I expect you are now taking 200mg. You might benefit from taking more than that after your next blood test which I wouldn’t delay in light of your situation.
It could be that you need larger doses of colchicine and indo.
I can’t speak about indo dosage because I’ve only taken acemetacin (which I understand turns into indo within the body) and I don’t know how to convert doses from one to the other. But obviously some people have taken pretty large doses for gout compared to what is often recommended for other uses.

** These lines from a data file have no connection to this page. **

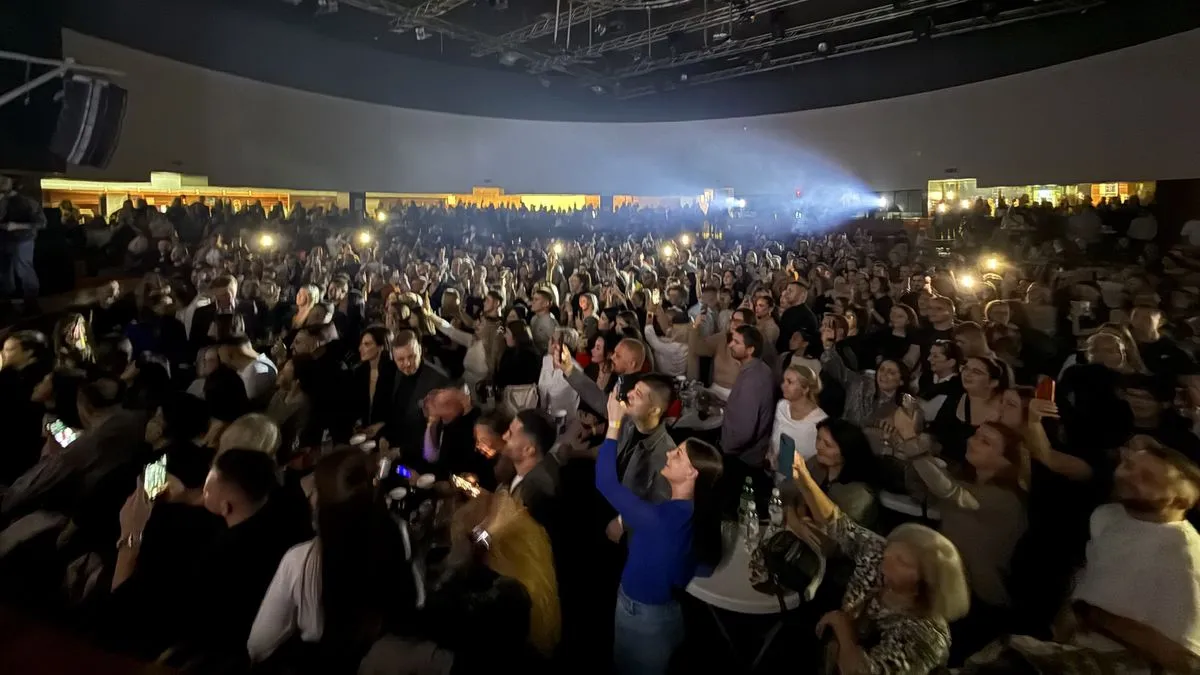 Koncert otvoren hitom ‘Merlin’ koju publika neizmjerno voli.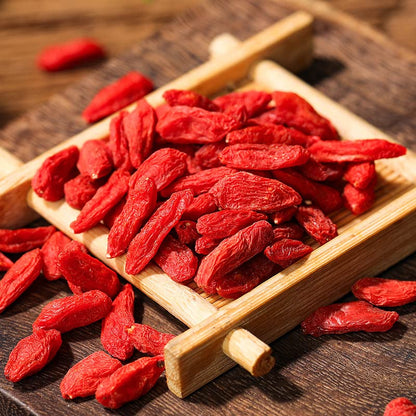 Goji Berries 300g Goji Canned 10.58oz Goji Berries Herbal Tea with Black Goji Gui Yuan Red Date 枸杞子300g罐装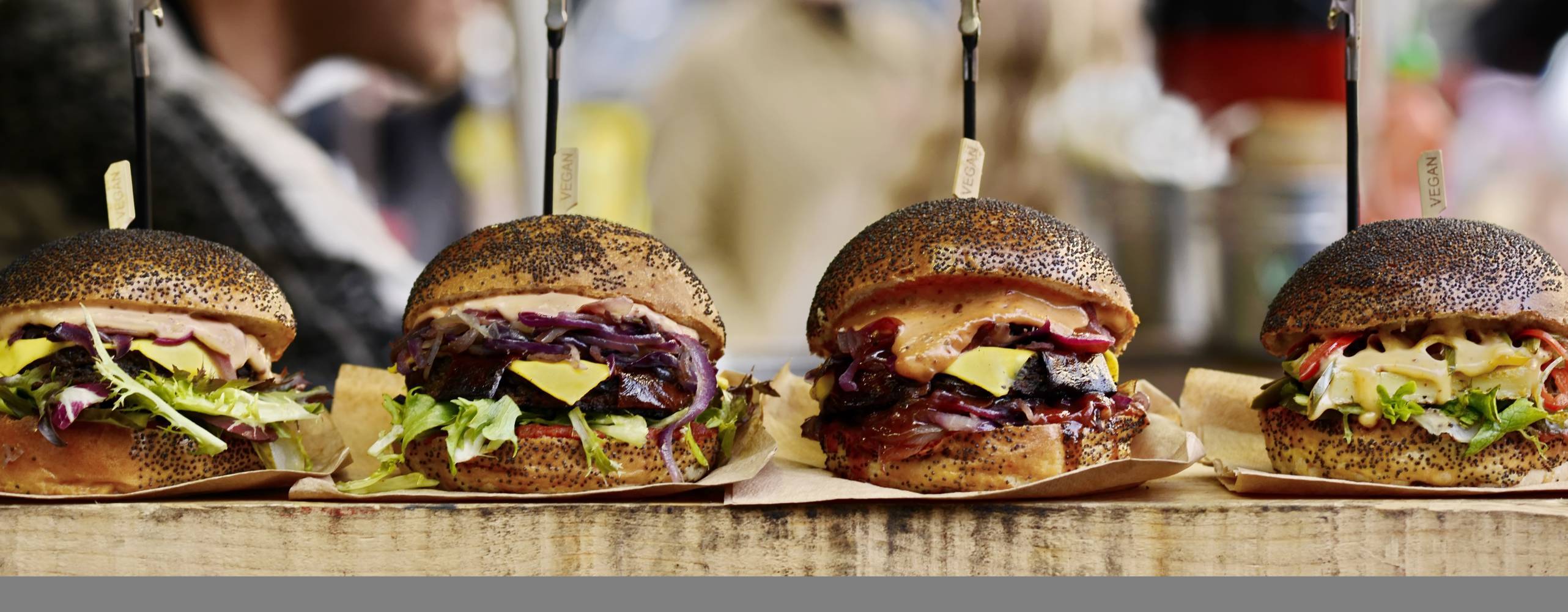 Fyra veganska burgare på rad.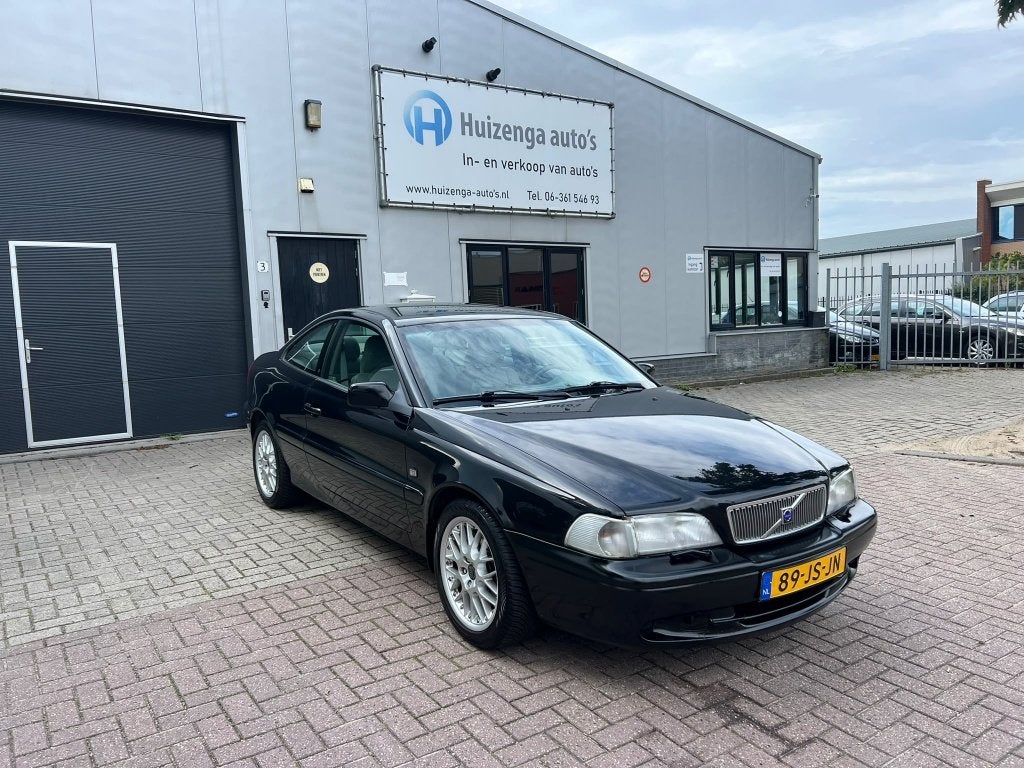 Volvo C70 Coupé 2.0 T Luxury| AIRCO| met APK! (bj 2000), Auto's, Beige, 1984 cc, 4 stoelen, Bedrijf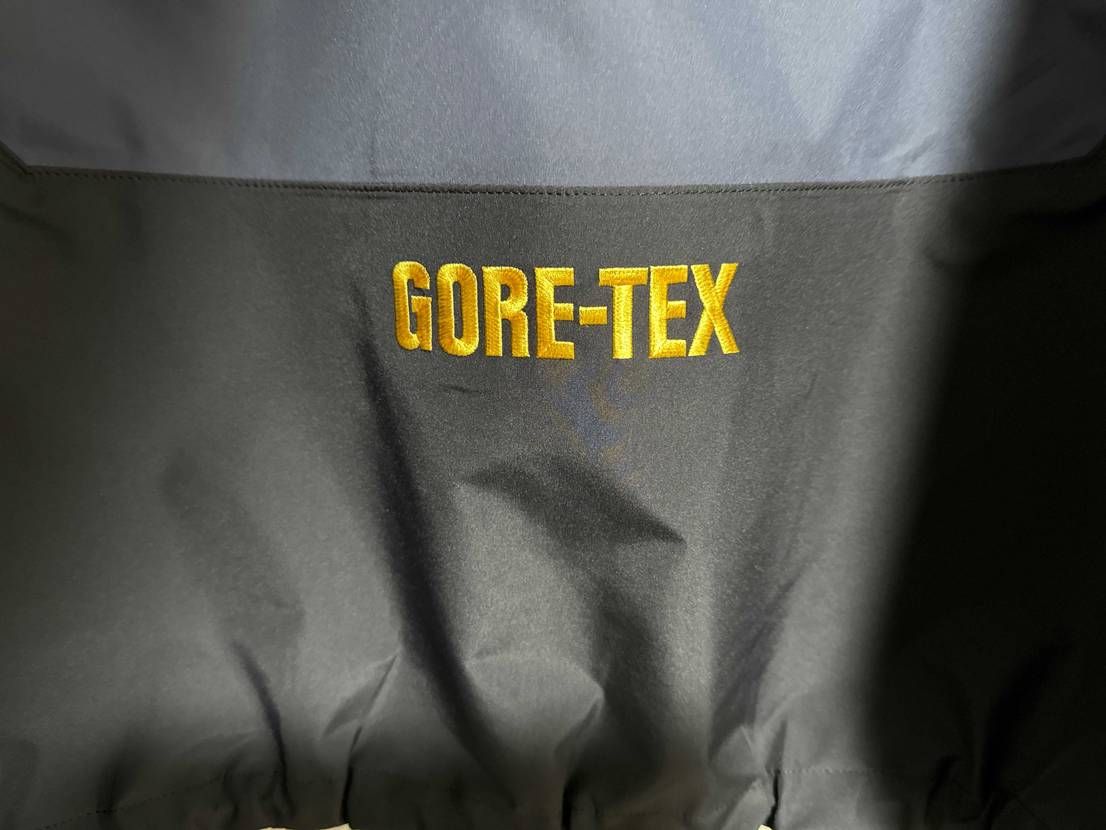 早朝から並んで寒くて死にかけたけど、去年仕事で買えなかったジ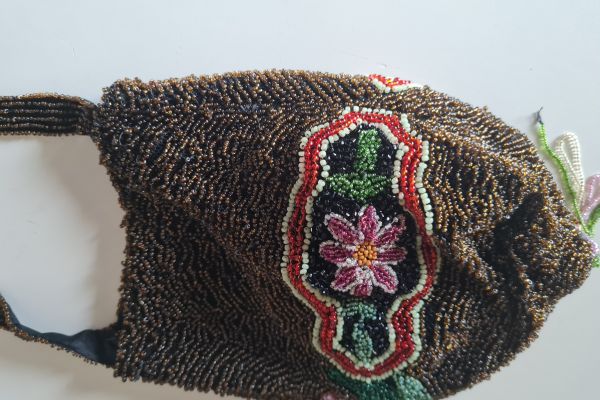 Antica borsetta da sera  vittoriana  Art Nouveau  ricamata  con perline di vetro anticaborsettadaseravittoriana1.jpg
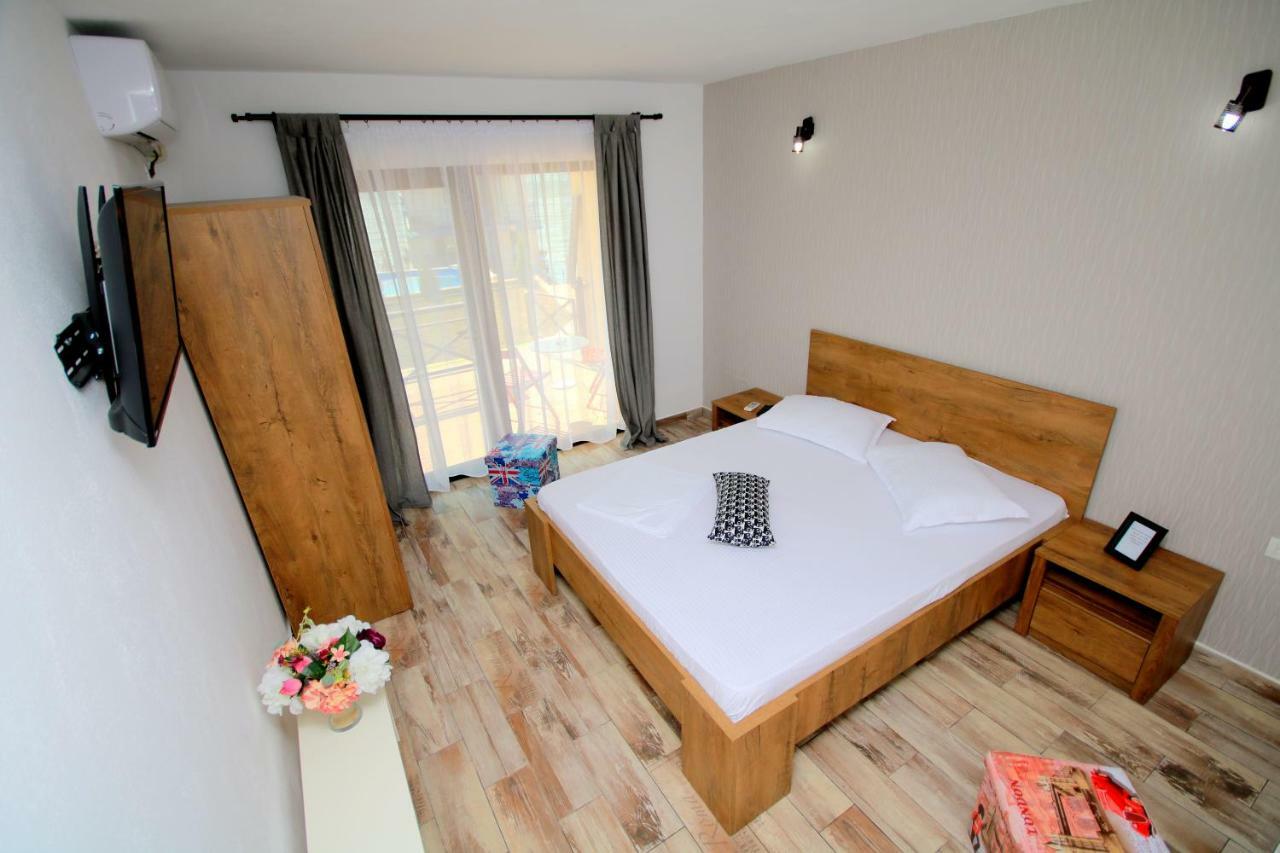 Hotel Mustaciosul Dunarii à Ieşelniţa Extérieur photo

Colchicine is most effective when taken before you start hurting. Once you are really hurting, you need to take higher doses and still it’s not effective right away. The maximum dose is very high and the default instructions for colchicine here are to take 3mg the first day (waiting at least 3 hours between 1mg pills) and 2mg the second day if you’re trying to fight an attack as opposed to prevent it. I’m not sure most people would benefit from taking that much but certainly there can be a benefit in taking more than the daily 1mg (or 1.2mg) people are often told to take.
It seems you’re healthy and would be able to tolerate heavy doses but, especially with indo, better talk to you doctor first before taking heavier doses than you’re used to. If you were to take a lot of indo, your doctor might want give you yet another drug in order to prevent some of the side effects.
And if colchicine and indo really have become inadequate, there are other drugs which fight inflammation.
There are of course also painkillers you can take on top of that, though the most effective ones tend to be debilitating which wouldn’t help you if you want to perform at work.
I hope you can find an effective way to stop your attacks dead in their tracks before you get back to work.
This will likely not be your last and in my opinion dealing with the symptoms aggressively when they start would likely reduce your total drug intake.